でも、結局これはボクシングなんだ。子どもじゃないし、リスクは分かっている。でも勝った時の見返りはとんでもなく大きかったし、全力を尽くした。僅差の敗戦というだけじゃなくて、将来とんでもない選手になる相手に負けたわけだし、誰かが負けるしかないんだよ。今回はたまたま俺だっただけだ。」
今回の敗北は、兄であり同じくプロボクサーのショーン(11勝0敗、5KO)を含むノークス一家全体にとっても、初めて経験する“家族の敗戦”だった。第3ラウンドでの大きなカット(裂傷)もあり、リングを降りた時のノークスの顔は戦いの痕跡をはっきりと残していた。
「家族にはあまり楽しくなかったと思うよ」と彼は言う。「俺の甥っ子なんてまだ10歳で、『嫌だった』と言ってたし、姪は寝ちゃったよ。
リングに上がった時、母さんと姉さんがどこに座っているか分かっていたから、『大丈夫だよ』って合図するためにちゃんと頷いておいた。兄のショーンはボクサーだから事情は全部分かっているけどね。

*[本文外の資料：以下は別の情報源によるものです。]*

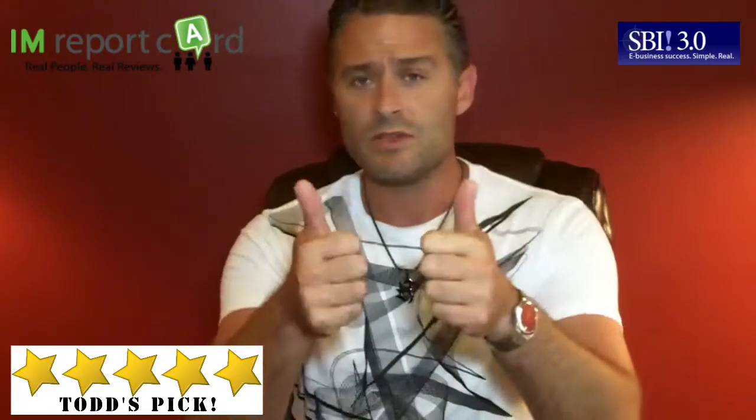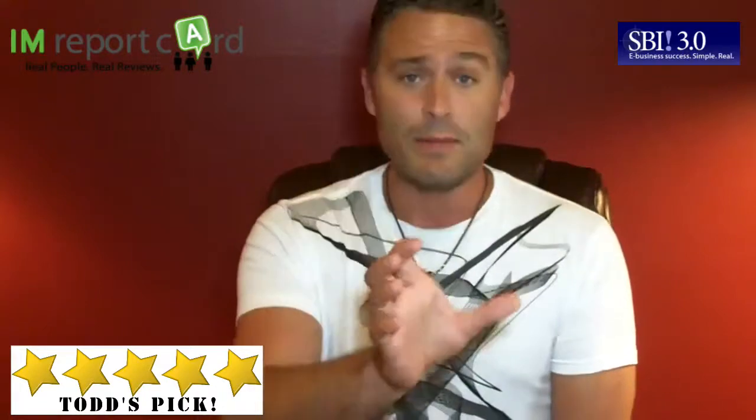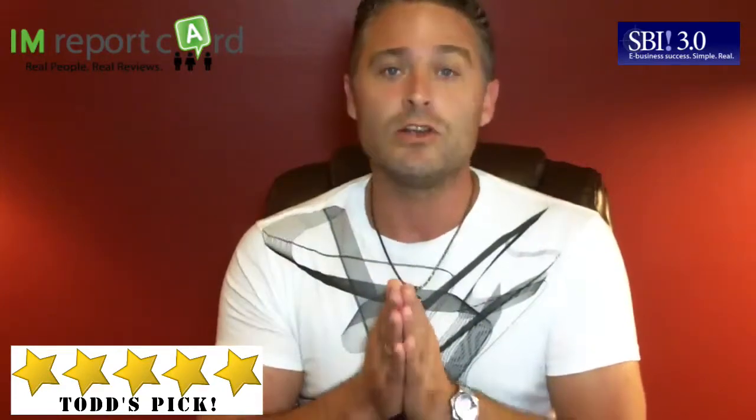My overall review: two thumbs up, I highly recommend this — specifically if you're brand new. If you're intermediate and don't mind going through some steps that may seem a little daunting or that you feel you already know, it might seem a little redundant. But for newbies, this is really going to be a great option to get from where you want to be to where you're going to be in terms of making a successful website. This is Todd for IAMReportCard.com, highly recommending SBI.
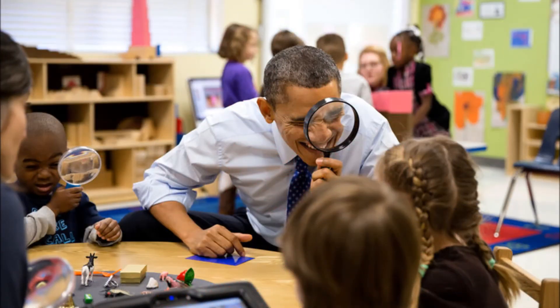Obama is spending $3 billion on technological advancement in education. No more excuses for teachers to say they're old school and can't or won't use technology. We're preparing for our children's educational future.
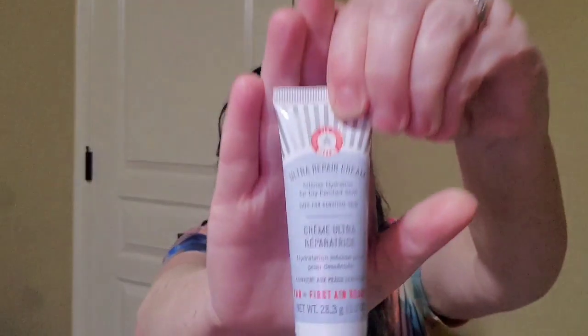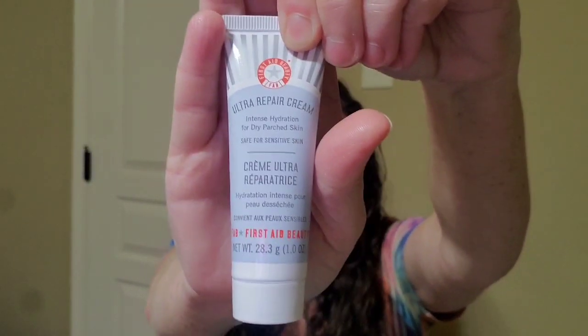I got one more thing and it is by First Aid Beauty. It says enriched with shea butter, eucalyptus, oatmeal, and ceramides. First Aid Beauty Ultra Repair Cream brings immediate comfort to tired, itchy, and flaky skin. The antioxidant element of this moisturizing formula also provides protection against free radical damage.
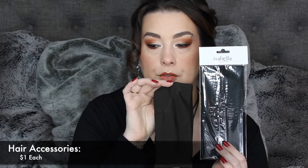I got an Isabella thick headband. I really like these. I also have one that is thick like this, but this one's a little bit different and bigger. I love these, especially when I want my hair out of my face and I'm cleaning or doing my skin care. I just love those.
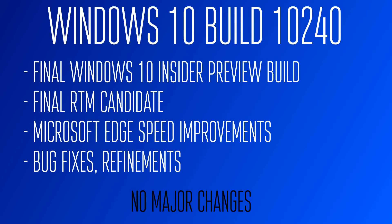Hey guys, it's GTSS back with another video, and in this video I'll be going over what is probably going to be the final Windows 10 Insider Preview build, and that is Windows 10 build 10,240.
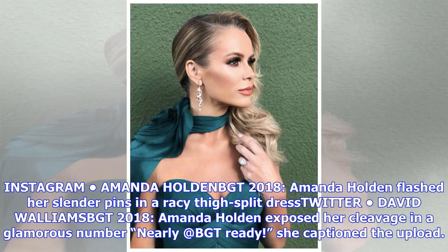Amanda Holden exposed her cleavage in a glamorous number. 'Nearly BGT ready,' she captioned the upload.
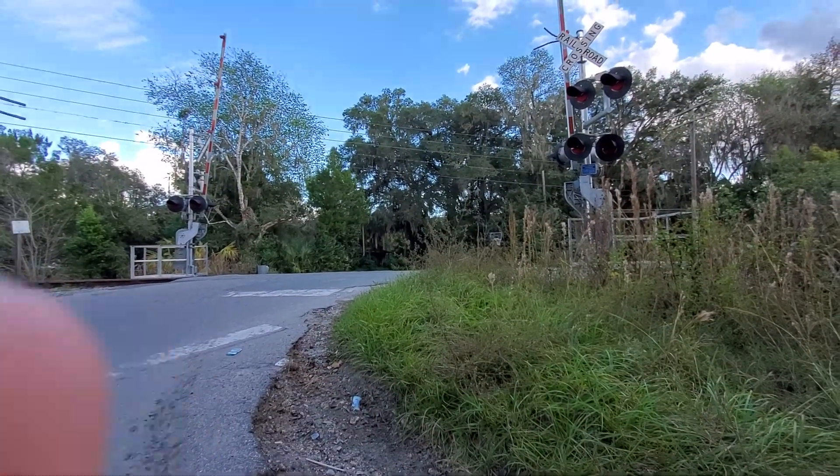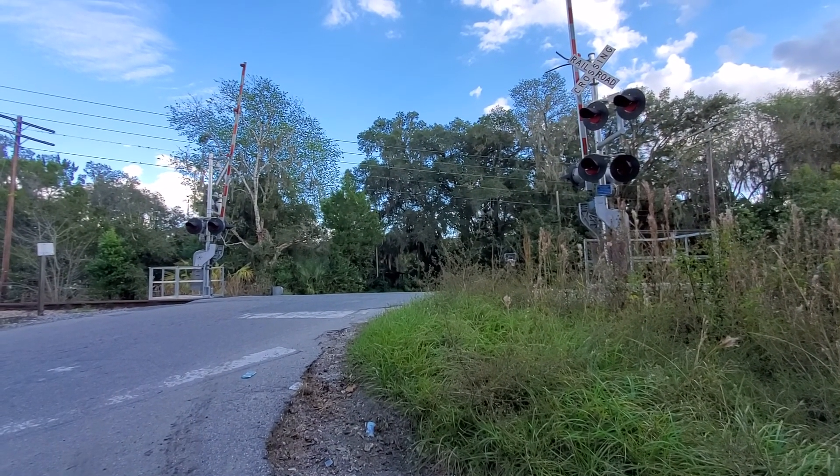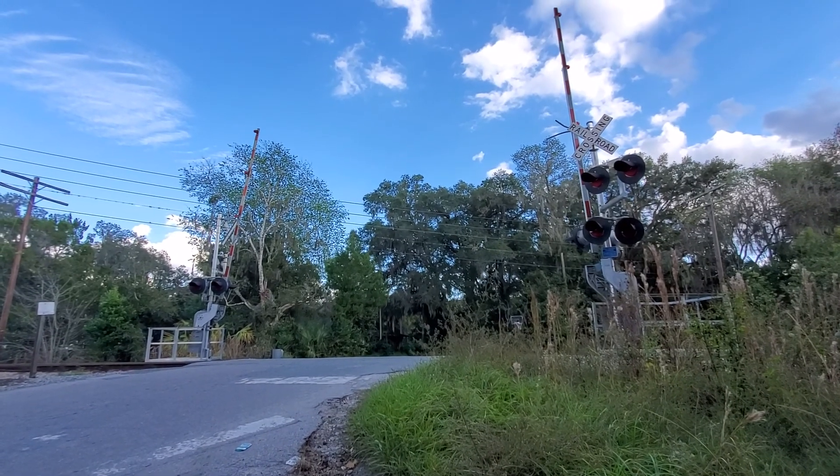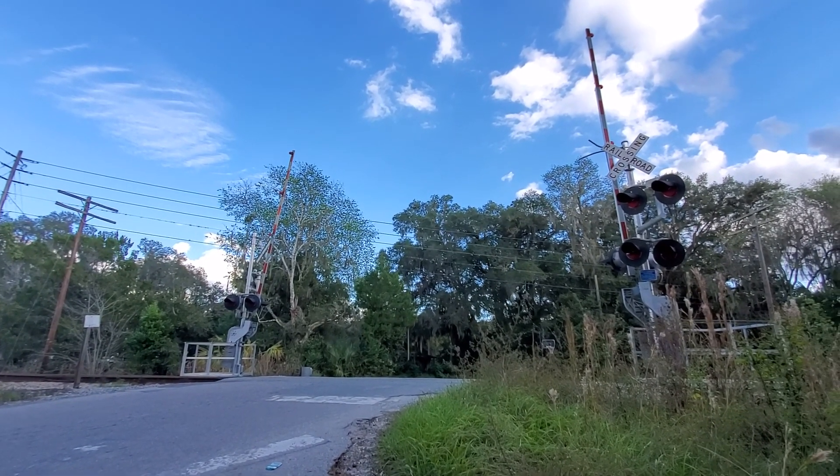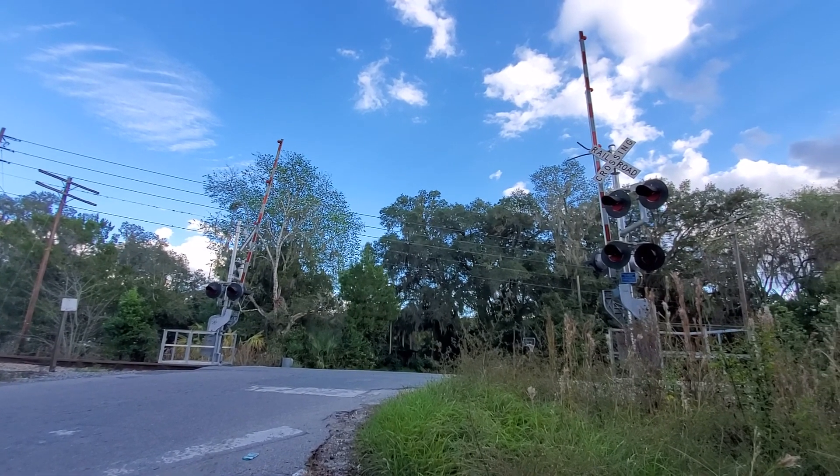These signals were probably placed crossbucks. So that was a tour of the Carver Road grade crossing in Donaldson, Florida. Over and out.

でも親父は、病院から出てきた時ちょっと胸が詰まってたみたいだよ。俺の顔が腫れぼったくてボコボコだったからね。やられる側になると、ボクシングって本当に荒っぽい世界なんだよ。家族は心配したけど、病院から帰ってきたらみんな安心して、すぐに腫れた俺の顔を見て笑いながら『お前ブサイクになったな』ってイジり始めたよ。」
では、ノークスの今後はどうなるのか。メイドストーン出身のパンチャーである彼は、デビューから13戦連続KO勝ちという派手な成績を残してきたが、その内容は決して均一ではなかった。レベルが上がるにつれてKO連勝は止まったが、敗戦を経ても彼の評価はむしろ以前より高まっていると言える。
「今は負けた気分は全然よくないよ」とノークスは語る。「でもクリスマスは家族とゆっくり過ごして、年明けからまた動き始めるよ。
負けがついたから、ただの“負け犬”だけど、それ以外は大丈夫。経験は増えたし、前より強くなった気さえする。もう一度トップに戻って、世界チャンピオンになって引退するつもりだ。
アマチュア時代みたいに、いつも競争の中にいると『あれが欲しい』『金が欲しい』『車が欲しい』って強いハングリー精神があった。でもプロでは試合が一方的になることも多くて、その感覚を少し忘れていたんだ。
でも今回思い出した。俺の中にまだあの“ハングリーな奴”がいるって分かったんだ。負けて悔しいけど、タフな状況でも俺は逃げないし、ちゃんと戦えるんだって分かったよ。」